Resumes are often copied from documents or PDFs, resulting in excessive
line breaks and formatting artifacts. These disrupt sentence continuity
and semantic flow.


In [17]:
df["line_breaks"] = df["Resume"].apply(
    lambda x: x.count("\n") + x.count("\r")
)

df["line_breaks"].describe()


Unnamed: 0,line_breaks
count,962.0
mean,85.534304
std,68.573387
min,16.0
25%,36.0
50%,68.0
75%,113.5
max,404.0


### Redundant Word and Skill Repetition

Repeated occurrences of the same skills or keywords may bias model attention
towards certain terms without adding meaningful new information.


In [18]:
def repeated_words(text):
    words = text.lower().split()
    return [w for w, c in Counter(words).items() if c > 3]
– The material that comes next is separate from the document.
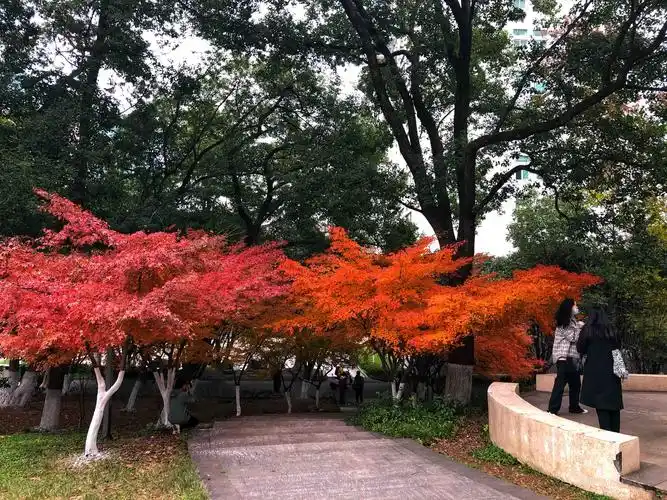 桂子山上 秋色正浓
df["repeated_tokens"] = df["Resume"].apply(repeated_words)
df["repeated_tokens"].head()


Unnamed: 0,repeated_tokens
0,"[python, web, services, rest, project, -, expr..."
1,"[and, columbia, university, fitness, -]"
2,"[exprience, -, less, than, 1, year, months]"
3,"[network, :, cisco, and, lan, networking, devi..."
4,"[java, exprience, -, less, than, 1, year, mont..."


### Summary of Text Quality Issues

The table below summarizes key quantitative indicators of text quality issues
identified across the dataset. This summary supports the justification for
subsequent preprocessing steps.


In [19]:
summary = pd.DataFrame({
    "avg_resume_length": [df["resume_length"].mean()],
    "max_resume_length": [df["resume_length"].max()],
    "avg_line_breaks": [df["line_breaks"].mean()],
    "avg_casing_ratio": [df["casing_ratio"].mean()]
})

summary


Unnamed: 0,avg_resume_length,max_resume_length,avg_line_breaks,avg_casing_ratio
0,3161.433472,14816,85.534304,0.127502